Indicated Airspeed Calculator

What is Indicated Airspeed?

Indicated airspeed (IAS) is the airspeed shown directly on the cockpit airspeed indicator — a pitot-static instrument that measures the dynamic pressure of air entering the pitot tube. It requires no correction for altitude or temperature; the needle moves in direct response to the pressure difference between pitot (ram air) and static (ambient) pressure.

Because IAS is based on dynamic pressure rather than actual velocity, it reflects the aerodynamic forces acting on the aircraft at any given moment. This makes it the primary reference speed for all aircraft performance and handling: stall speeds, manoeuvring speed (Va), never-exceed speed (Vne), flap extension speeds (Vfe), and best-rate and best-angle-of-climb speeds (Vy and Vx) are all published in IAS.

IAS is distinct from — but related to — several other airspeed definitions:

• Calibrated Airspeed (CAS): IAS corrected for pitot-static instrument error and position error (the effect of airflow disturbance around the fuselage on the static port). At cruise speeds the difference is typically 1–3 knots.
• Equivalent Airspeed (EAS): CAS further corrected for air compressibility. Relevant above approximately 200 KIAS or FL200; negligible for most GA operations.
• True Airspeed (TAS): EAS (or CAS in GA) corrected for air density. TAS is your speed through the air mass and increases with altitude.

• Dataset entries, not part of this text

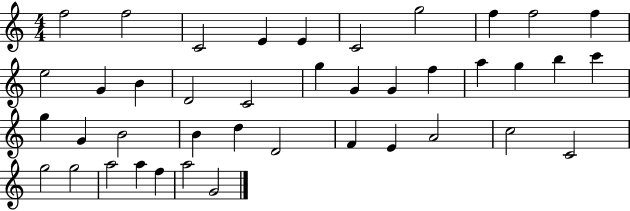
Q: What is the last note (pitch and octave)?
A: G4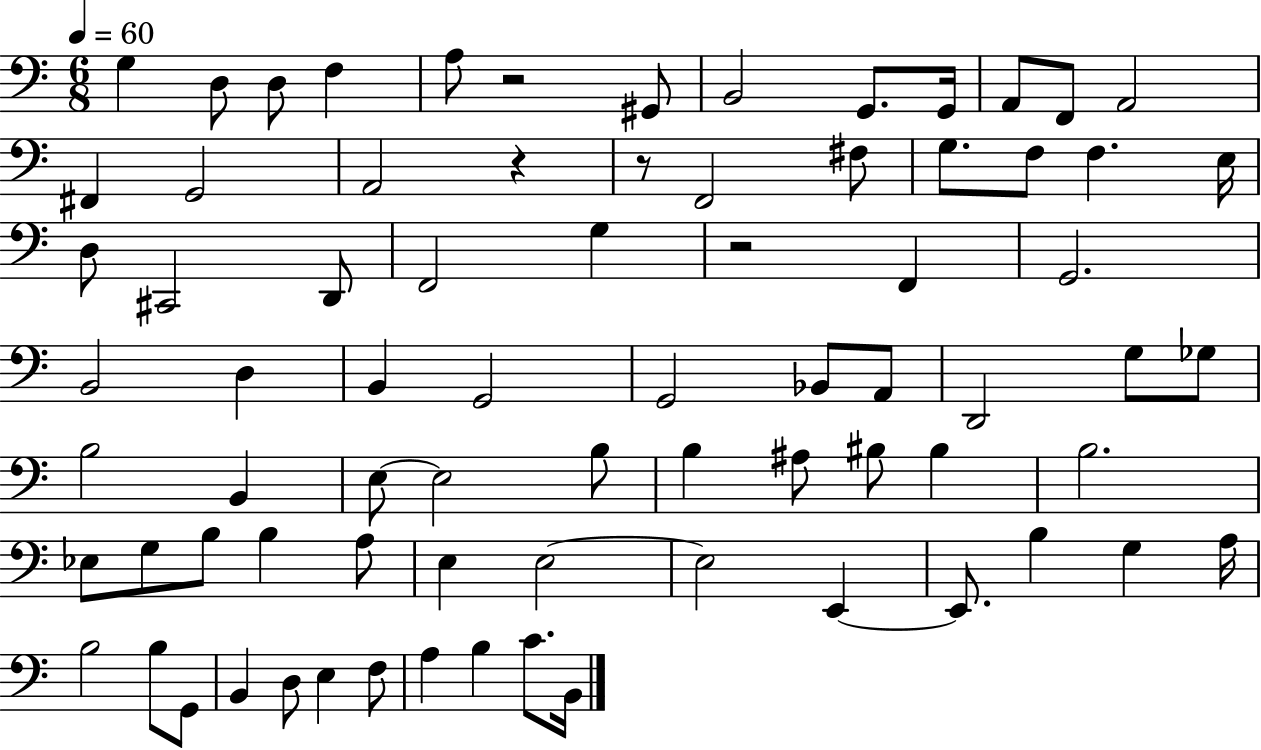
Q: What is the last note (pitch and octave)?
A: B2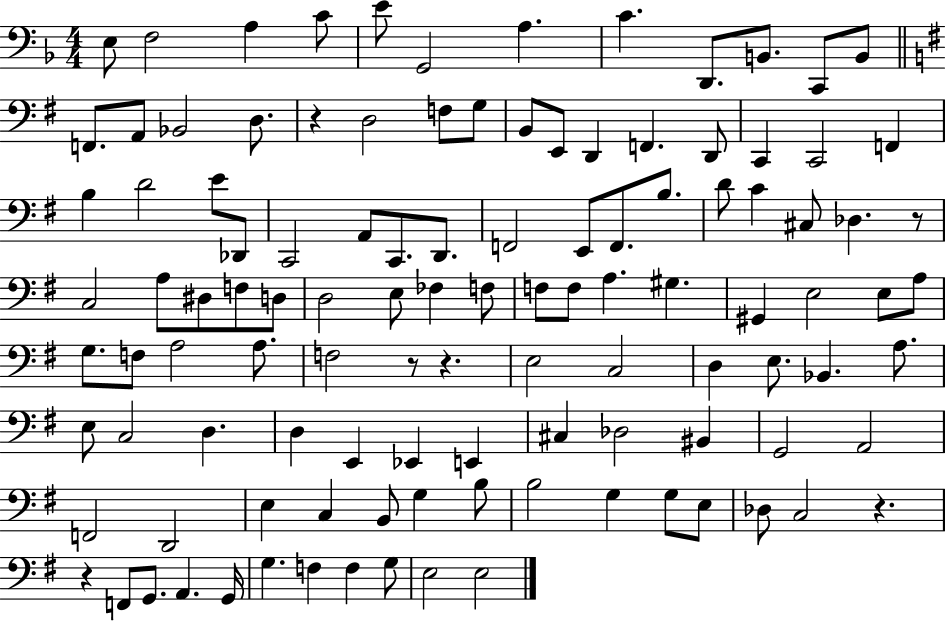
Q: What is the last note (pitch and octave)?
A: E3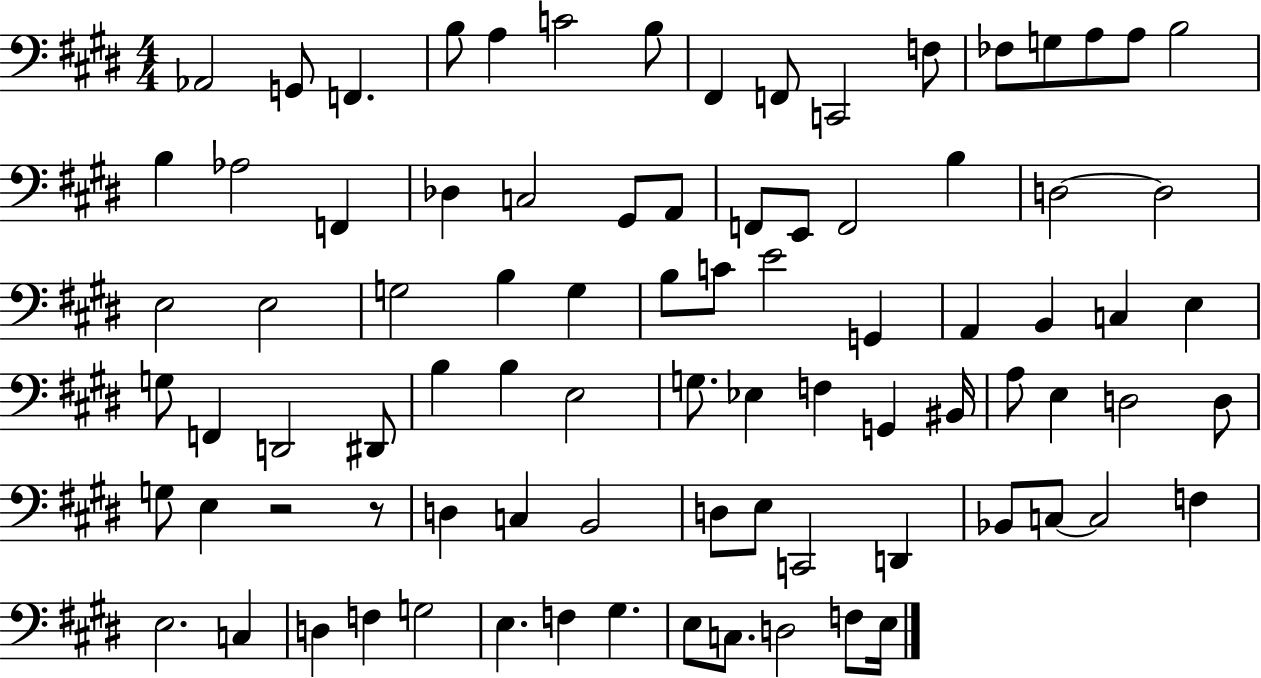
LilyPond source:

{
  \clef bass
  \numericTimeSignature
  \time 4/4
  \key e \major
  aes,2 g,8 f,4. | b8 a4 c'2 b8 | fis,4 f,8 c,2 f8 | fes8 g8 a8 a8 b2 | \break b4 aes2 f,4 | des4 c2 gis,8 a,8 | f,8 e,8 f,2 b4 | d2~~ d2 | \break e2 e2 | g2 b4 g4 | b8 c'8 e'2 g,4 | a,4 b,4 c4 e4 | \break g8 f,4 d,2 dis,8 | b4 b4 e2 | g8. ees4 f4 g,4 bis,16 | a8 e4 d2 d8 | \break g8 e4 r2 r8 | d4 c4 b,2 | d8 e8 c,2 d,4 | bes,8 c8~~ c2 f4 | \break e2. c4 | d4 f4 g2 | e4. f4 gis4. | e8 c8. d2 f8 e16 | \break \bar "|."
}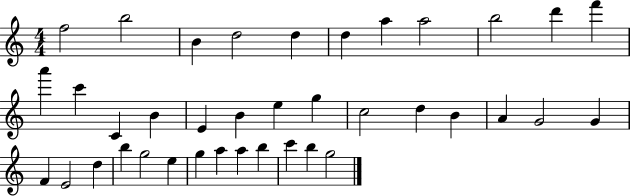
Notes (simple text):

F5/h B5/h B4/q D5/h D5/q D5/q A5/q A5/h B5/h D6/q F6/q A6/q C6/q C4/q B4/q E4/q B4/q E5/q G5/q C5/h D5/q B4/q A4/q G4/h G4/q F4/q E4/h D5/q B5/q G5/h E5/q G5/q A5/q A5/q B5/q C6/q B5/q G5/h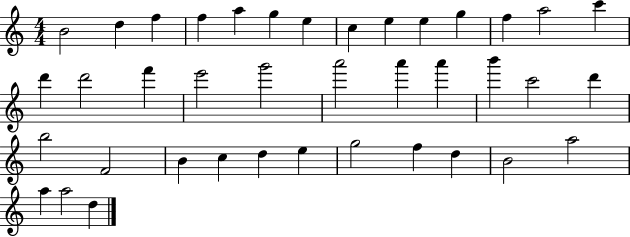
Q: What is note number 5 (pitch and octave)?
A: A5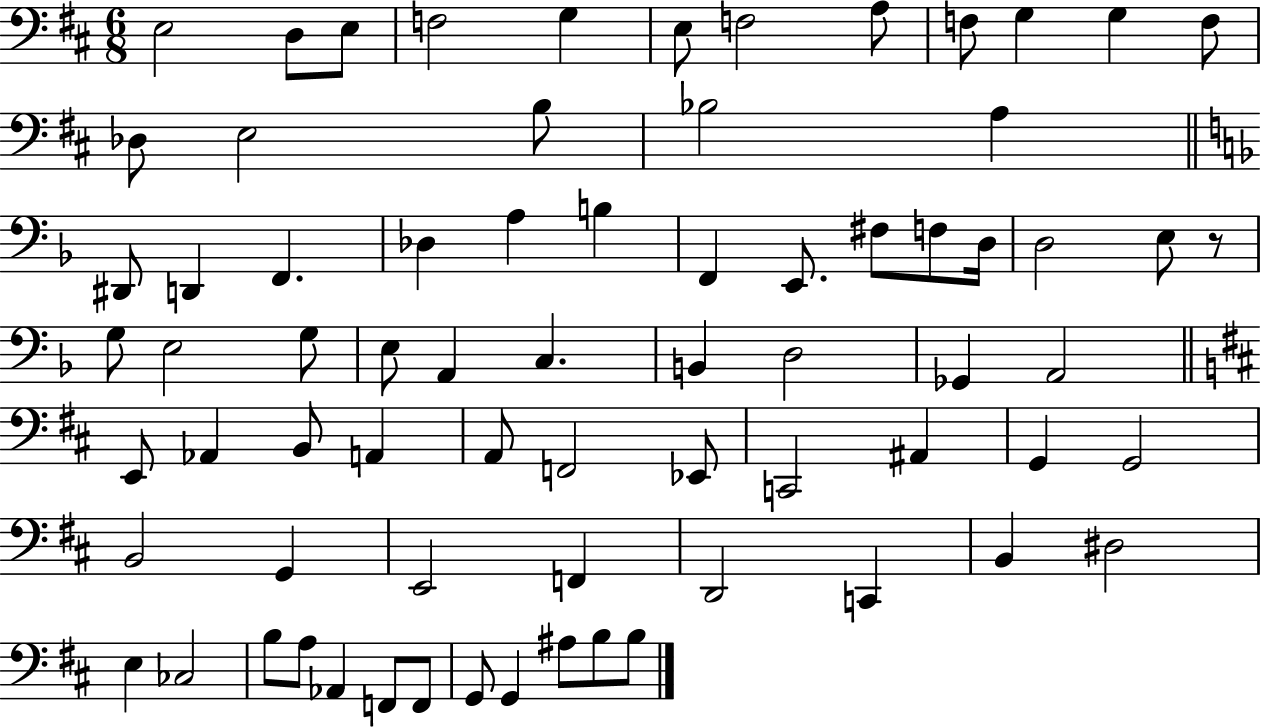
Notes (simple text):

E3/h D3/e E3/e F3/h G3/q E3/e F3/h A3/e F3/e G3/q G3/q F3/e Db3/e E3/h B3/e Bb3/h A3/q D#2/e D2/q F2/q. Db3/q A3/q B3/q F2/q E2/e. F#3/e F3/e D3/s D3/h E3/e R/e G3/e E3/h G3/e E3/e A2/q C3/q. B2/q D3/h Gb2/q A2/h E2/e Ab2/q B2/e A2/q A2/e F2/h Eb2/e C2/h A#2/q G2/q G2/h B2/h G2/q E2/h F2/q D2/h C2/q B2/q D#3/h E3/q CES3/h B3/e A3/e Ab2/q F2/e F2/e G2/e G2/q A#3/e B3/e B3/e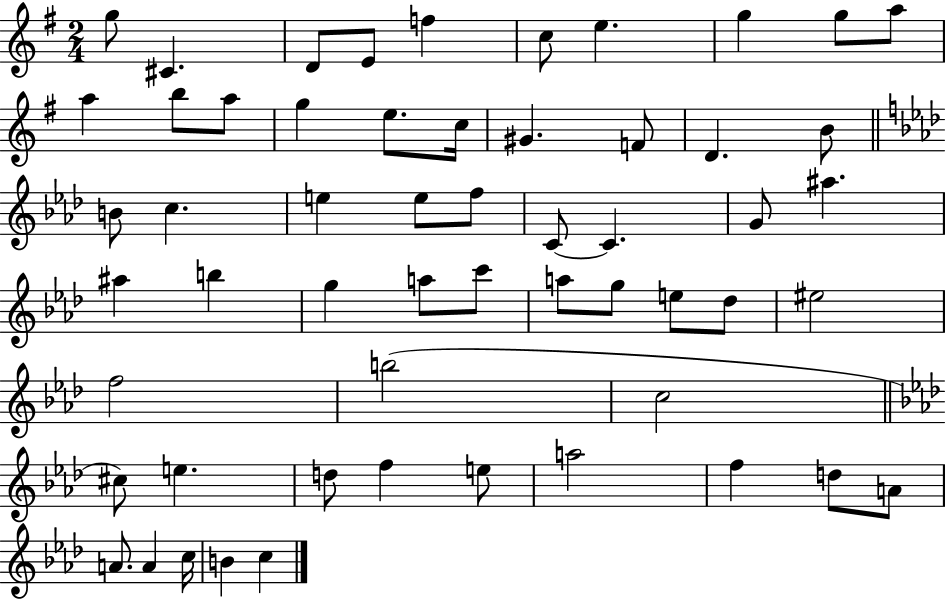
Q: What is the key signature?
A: G major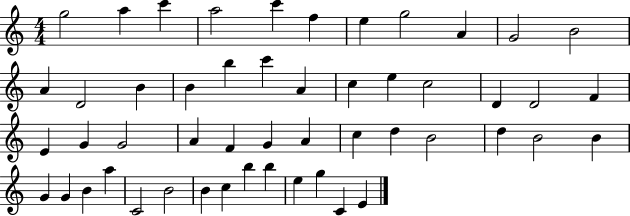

How to Calculate IAS from TAS

The reverse calculation — converting TAS back to IAS — is useful when you have a target groundspeed or TAS from a performance chart and need to know what to set on your airspeed indicator.

The density-based formula:

IAS = TAS × √(ρ / ρ₀)

Where ρ is the actual air density at your altitude and temperature, and ρ₀ is standard sea-level density (1.225 kg/m³). Because ρ < ρ₀ at any altitude above sea level, IAS will always be less than TAS.

The practical rule-of-thumb approximation:

IAS ≈ TAS / (1 + 0.02 × Pressure Altitude in thousands of feet)

This is simply the TAS rule of thumb run in reverse. The IAS calculator at the top of this page uses the full density formula, accepting TAS, pressure altitude, and OAT for a precise result.

Step-by-Step Example

Your POH cruise performance table shows a TAS of 155 knots at 10,000 ft pressure altitude on a standard day. You are flying at an indicated altitude of 9,800 ft with an altimeter setting of 30.12 inHg and OAT of −5°C. What IAS should you expect?

1. Pressure Altitude: PA = 9,800 + (29.92 − 30.12) × 1,000 = 9,800 − 200 = 9,600 ft
2. ISA Temperature at 9,600 ft: 15 − (9.6 × 2) = 15 − 19.2 = −4.2°C
3. Temperature deviation: −5 − (−4.2) = −0.8°C — very close to standard, so density is near the book value.
4. Rule-of-thumb IAS: 155 / (1 + 0.02 × 9.6) ≈ 155 / 1.192 ≈ 130 KIAS
5. With full density calculation: approximately 131 KIAS — confirming the POH performance figure is realistic for your conditions.

If your airspeed indicator is reading significantly higher or lower than this, it may indicate an instrument error, position error, or that actual atmospheric conditions differ from the forecast.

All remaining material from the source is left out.